### What to work on
Reproduce the listing below exactly. Pictures do not belong in the copy.

### Collected data
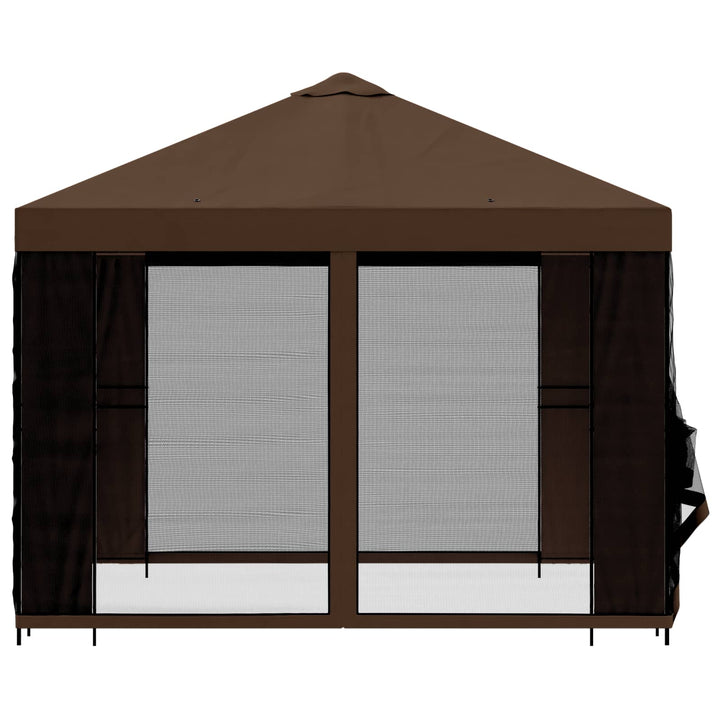 Havelæger med sidevægge 3 x 3 m Brun Polyester og Stål 190 gsm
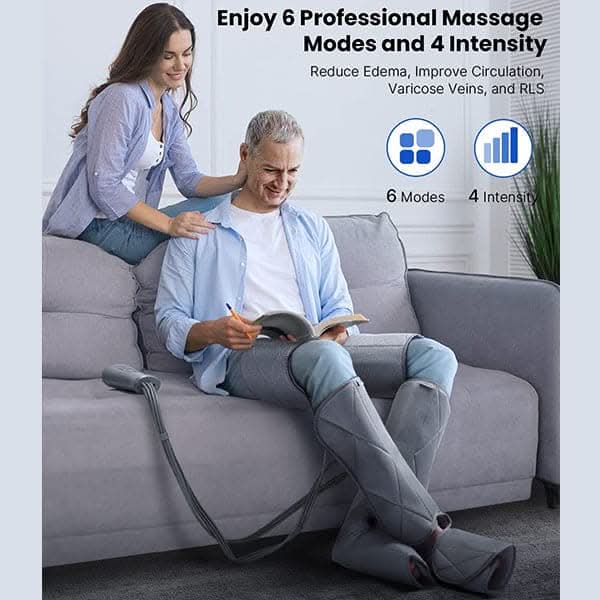 Renpho Leg Massager for Circulation and Relaxation, Calf Feet Thigh Massage with 6 Modes 4 Intensities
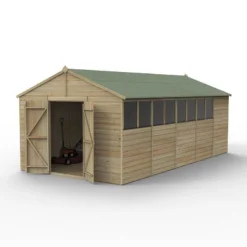 20' X 10' Forest Beckwood 25yr Guarantee Shiplap Pressure Treated Double Door Apex Wooden Shed (5.96m X 3.21m) -Zen Gardenia Sales spa1020dd8wm open 05.18.23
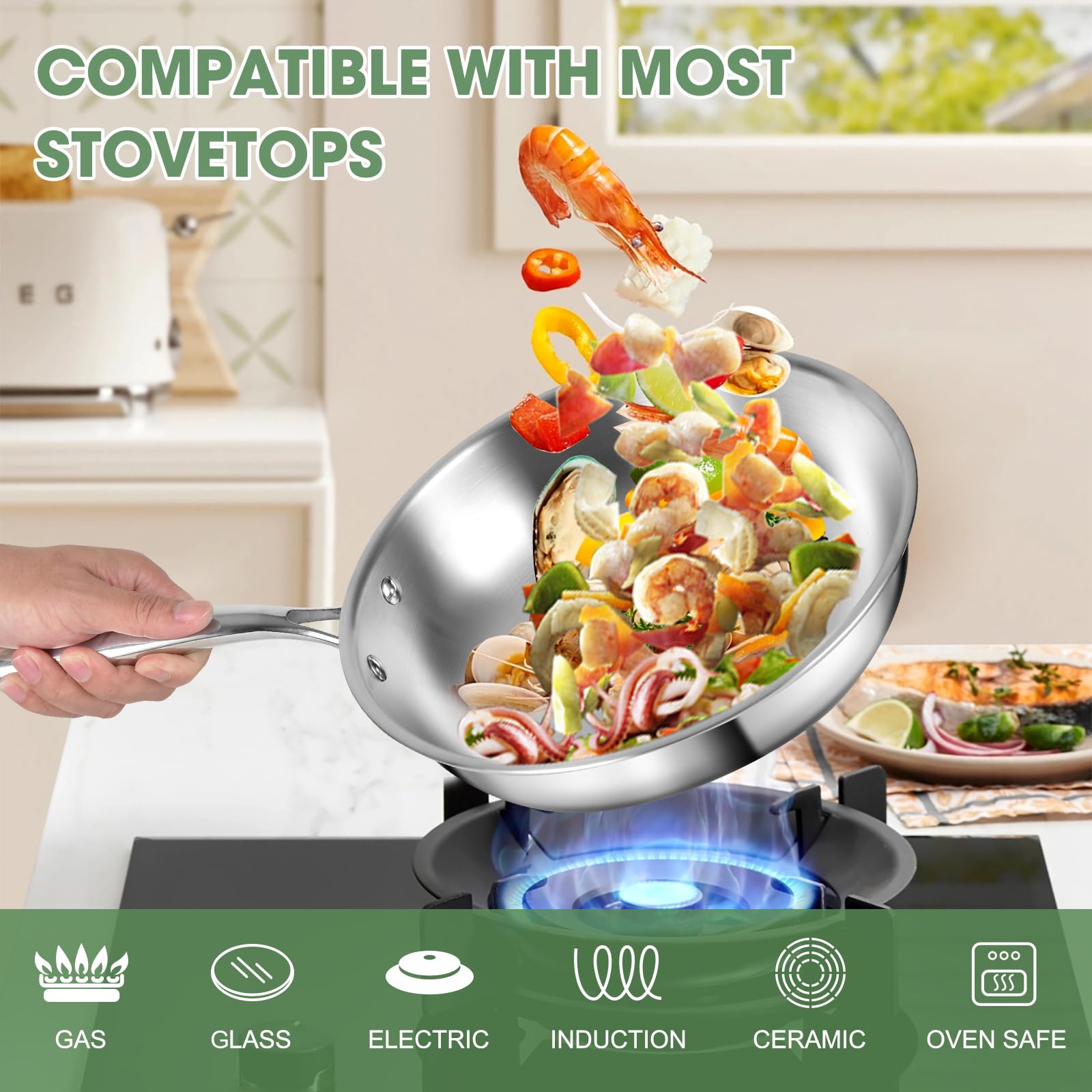 EWFEN 6qt stockpot with steamer insert for large batches and healthy steaming.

### Written solution
 Havelæger med sidevægge 3 x 3 m Brun Polyester og Stål 190 gsm
 Renpho Leg Massager for Circulation and Relaxation, Calf Feet Thigh Massage with 6 Modes 4 Intensities
 20' X 10' Forest Beckwood 25yr Guarantee Shiplap Pressure Treated Double Door Apex Wooden Shed (5.96m X 3.21m) -Zen Gardenia Sales spa1020dd8wm open 05.18.23
 EWFEN 6qt stockpot with steamer insert for large batches and healthy steaming.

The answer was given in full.